Yamakavagga · Pairs · Gāthā 18
Idha nandati pecca nandati, katapuñño ubhayattha nandati; 'puññaṃ me katan'ti nandati, bhiyyo nandati suggatiṃ gato.
idha nandati pecca nandati, katapuñño ubhayattha nandati; 'puññaṃ me katan'ti nandati, bhiyyo nandati suggatiṃ gato.
Here one delights, afterwards one delights: one who does good delights in both worlds. ‘I have done good,’ one delights; and delights more upon going to a higher state.
The luminous pair of the previous verse. Nandati — rejoices, delights, finds joy — has a more spontaneous quality than modati in verse 16. It is the joy that arises without effort, like the fragrance of a flower that need not proclaim itself.
Puññaṃ me katan’ti nandati — “I have done good,” one rejoices: not as self-praise but as the pure satisfaction of congruence. The mind knows when it has acted with integrity, with compassion, with honesty. That knowing produces a serenity no sensory pleasure can equal.

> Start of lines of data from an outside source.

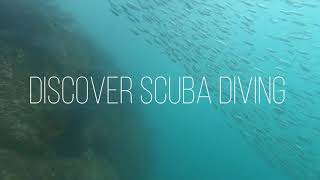 Discover Scuba Diving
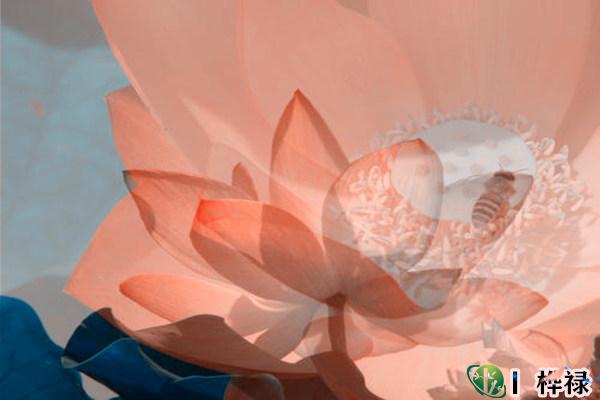 八字缺五行怎么补,五行缺补法大全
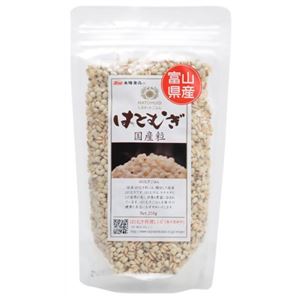 国産 はとむぎ粒 250g 【4セット】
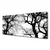 tulup.si Slika na platnu Drevesa narava black and white 125x50 cm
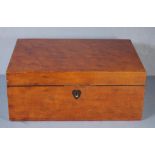 Large late Georgian casuarina document box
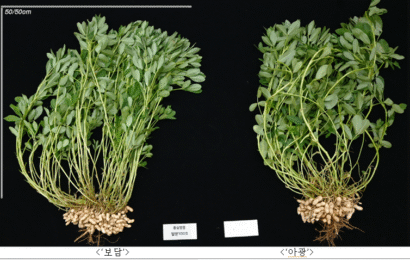 콩밥 대신 땅콩밥 어떠세요? 씻어서 바로 짓는 신품종 ‘보담·흑찬’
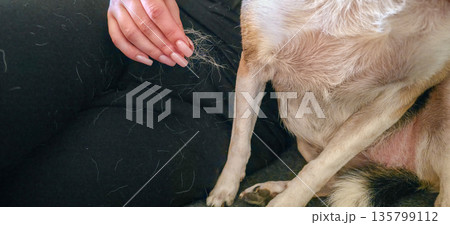A woman is holding clumps of dog fur in her hands. Excessive shedding in dogs and other pets. High quality photo 135799112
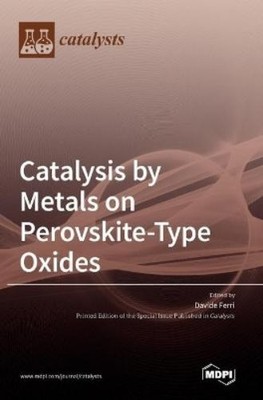 Davide Ferri Catalysis by Metals on Perovskite-Type Oxides (Gebundene Ausgabe)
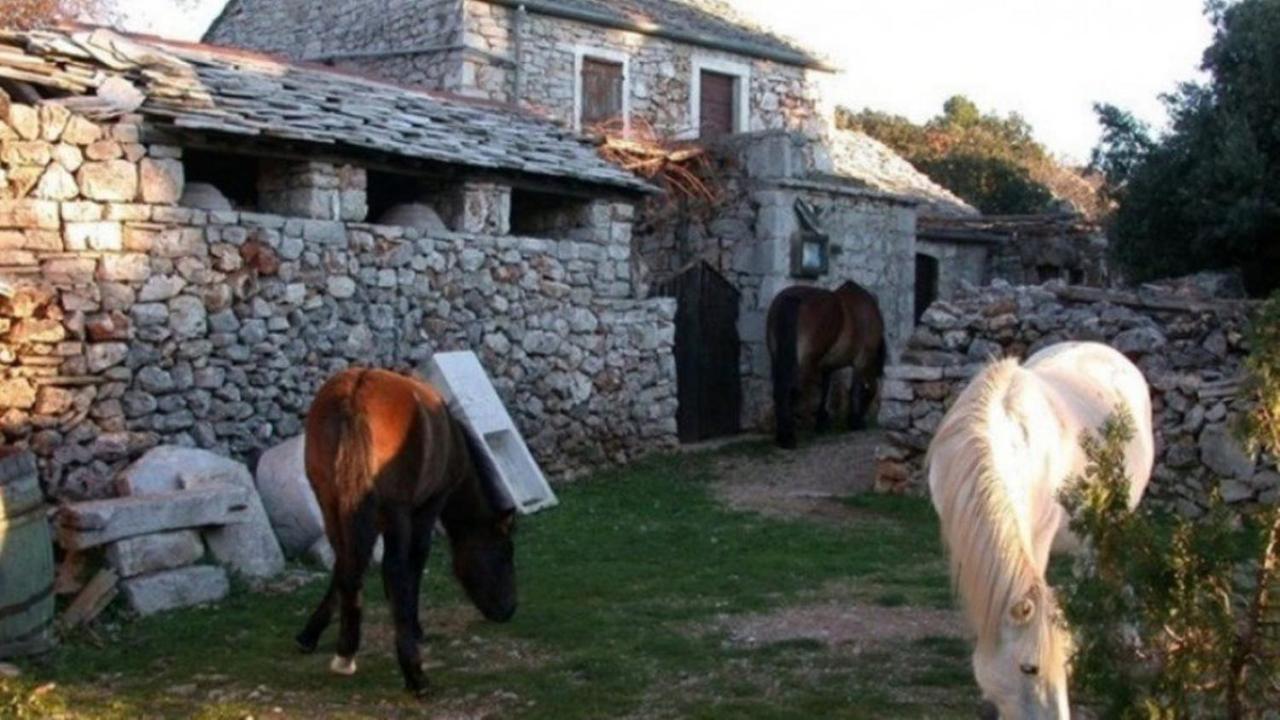Holiday House Jakov Gdinj Exterior foto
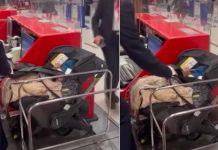 «Sin remordimiento» Pareja abandona a su bebé en un aeropuerto de Bélgica Pareja abandonó a su bebé en un aeropuerto de Bélgica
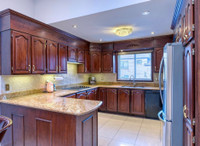 Kitchen Cabinets and granite countertop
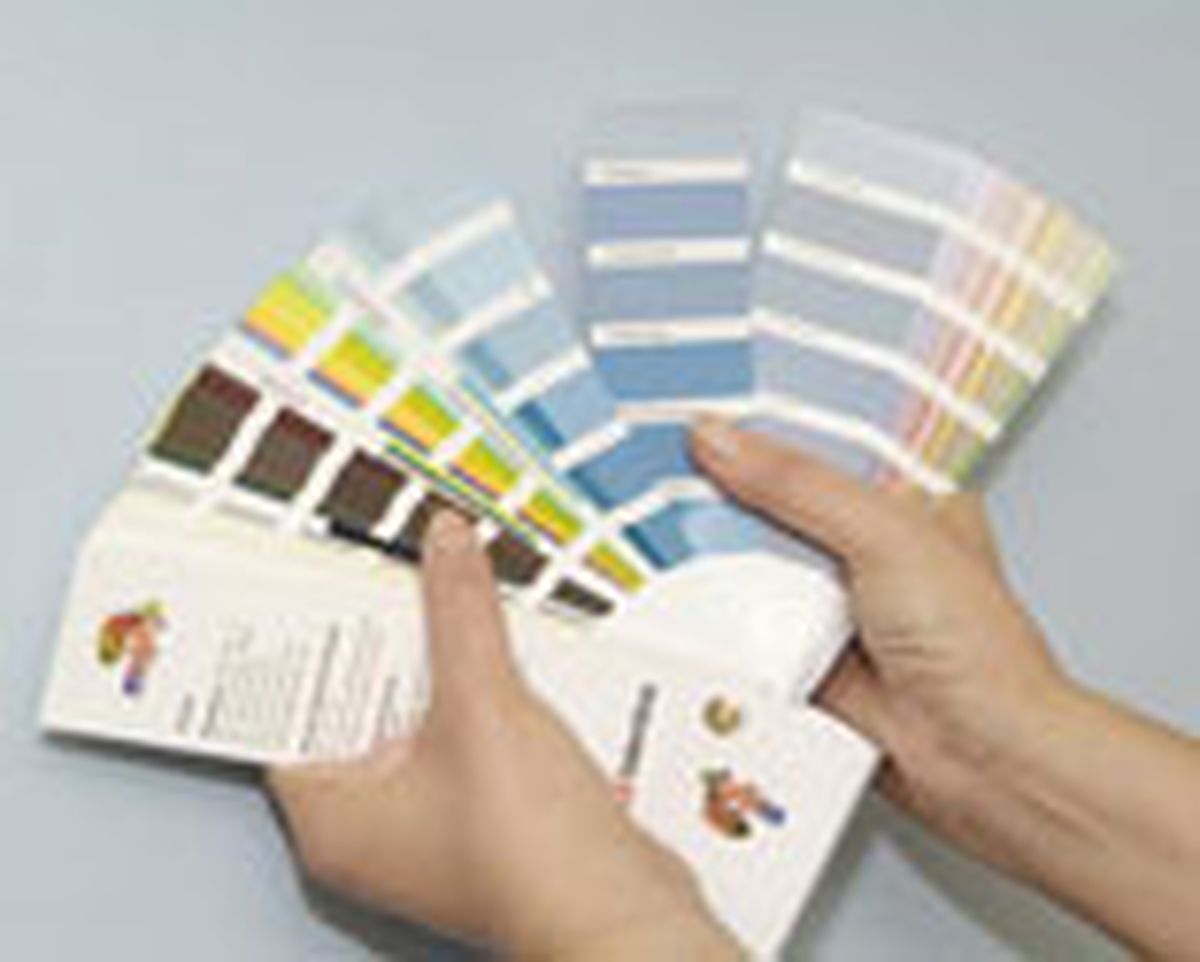 briconsejo 1 0455 Friso decorativo plantilla paso 2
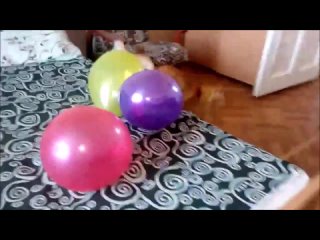 День рождения, страшные шарики и обалденная мышь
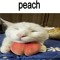 puddest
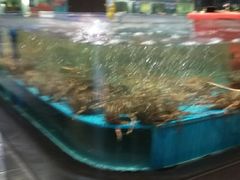 -阿伟海鲜楼·福建菜(延寿店)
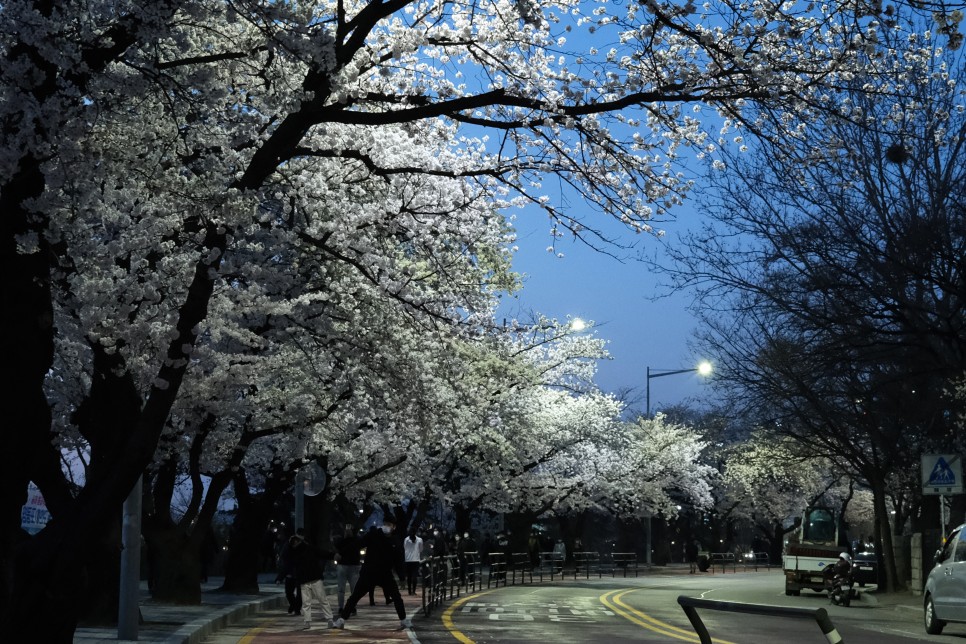 화요일엔화악 칼퇴하고 윤중로 산책.. 여의도윤중로 밤벚꽃구경.. 벚꽃만개.. 45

Suggatiṃ gato — having gone to an elevated state: literally a higher realm in Buddhist cosmology; functionally, the quality of mind that becomes habitual in one who practices the good consistently. The mind is shaped by its repeated acts; one who acts well frequently cultivates a mind that naturally tends toward good.
This verse closes the first pair of vagga 1 with a note of profound hope: the path is practicable, the results are real, and genuine joy is not at the end of the path but in the path itself.